EXPERT: Question about CPU and CACHE Speeds

Norman331

Commendable
Aug 5, 2016
20
0
1,520
Even if the CPU Speed is increased, it cannot read | edit | add information to the Cache since it has to wait for the fastest Cache, which is usually slower than the CPU when the CPU is overclocked by increasing the multiplier. How does increasing CPU Clock Speeds increase performance when it still has to wait for the slower Cache to do anything?
 
Solution
CPU performance isn't fully dependent on the cache speed. The cache multiplier you are talking about is only for the L3 cache. Most of the time the data the CPU needs isn't in the L3 cache, it'll be in the L1 and L2 cache. These levels of cache operate at a set frequency based upon the CPU frequency therefore they operate faster when you overclock.

Now if every piece of data the CPU needed was sitting in the L3 cache, then I could see it bottlenecking performance of the CPU. However this isn't the case. CPU / cache / predictor design is very sophisticated. The branch predictor is pretty good at "guessing" what data is going to be needed and it will have it loaded in the pipeline before the CPU gets to the instruction that needs...

Norman331

Commendable
Aug 5, 2016
20
0
1,520
But for example, 5960x. 4.6 GHZ CPU Clock Speed vs. 3.5 GHZ CPU Cache Clock Speed.

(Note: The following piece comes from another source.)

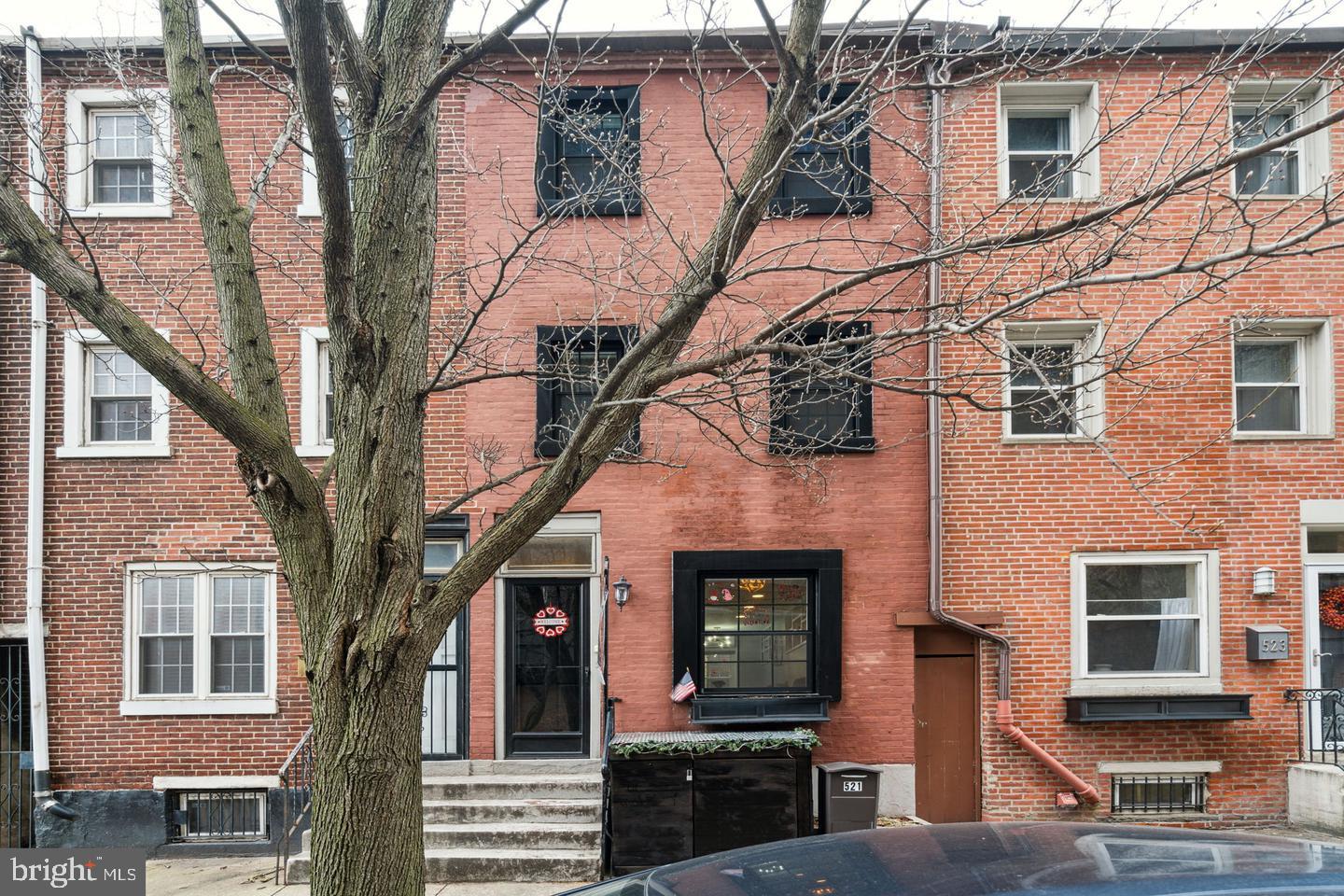 Open House for 4/27 has been cancelled** Welcome to 521 S 27th Street! This beautiful 2 bedroom + den/office, 1.5 bathroom home resides in the highly desirable Fitler Square neighborhood of Philadelphia and in the Greenfield Catchment. Upgrades to the home include new windows on the first floor and front of the home, ductless HVAC, decking on the back patio, recessed lighting, and a new back door. As you enter the home, you will immediately notice the hardwood flooring throughout the spacious living area. Make your way to the kitchen featuring stainless steel appliances, subway tile backsplash, white cabinetry and access to your adorable private patio! Make your way upstairs to the primary bedroom with large closet and custom shelving. Through the closet you will find the primary bathroom boasting a large vanity with tons of under sink storage! Upstairs to the third floor is your spacious second bedroom, allowing for an extra bedroom, nursery, home office, or home gym. 521 S 27th Street is complete with an unfinished basement and shed, perfect for extra storage space and storing a stroller or bikes! Located in a quiet neighborhood, blocks from the gym, multiple grocery stores, a local butcher, Cafe Lutecia, coffee shops including Rival Bros, Starbucks & Row Home Coffee, the Amazon Center, and 5 parks perfect for all ages of children. Easily accessible to the South Street Bridge, Hospitals, Universities, & 76, less than 15 minutes from the airport, 5 minute drive to 30th Street Station and close to the Schuylkill River Trail and dog park. This home is in a perfect location! Schedule your showing today.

How can increasing the CPU Clock speed improve performance when the Cache is slower?
 
Well depending on what CPU you are talking about, some caches have their own multiplier and can be "overclocked" independently of the core clock. For instance Haswell. With Haswell, the L3 cache has it's own multiplier. In all overclocking guides I've read that you should keep the cache multiplier so that it's within 300MHz of the core clock. The L3 cache is the slowest of the three levels of cache on Haswell, L1 is the fastest and L2 is slower than L1 but faster than L3.

Older CPU's usually clock their cache based upon some set multiple of the base clock and therefore when you increase the CPU clock, you increase the cache clock proportionately.

In most cases the data the CPU needs will be sitting in one of the two first levels of cache which is the fastest. If it's not in the cache it looks in first that is registered as a cache miss. Obviously cache misses have an affect on performance. At the very least a CPU designer hopes that his design predicts what data is going to be needed and have it stored in at least one level of cache as access to RAM or storage is very expensive.

 

Norman331

Commendable
Aug 5, 2016
20
0
1,520
My 5960x Cache multiplier is set at 35x. How does the performance increase when increasing CPU Core Multiplier from 35x to 40x when the Cache is at a constant 35x? The CPU cannot do anything faster than 35x, or so it seems logically. Yet benchmark scores still increase despite the static Cache speed.
 
CPU performance isn't fully dependent on the cache speed. The cache multiplier you are talking about is only for the L3 cache. Most of the time the data the CPU needs isn't in the L3 cache, it'll be in the L1 and L2 cache. These levels of cache operate at a set frequency based upon the CPU frequency therefore they operate faster when you overclock.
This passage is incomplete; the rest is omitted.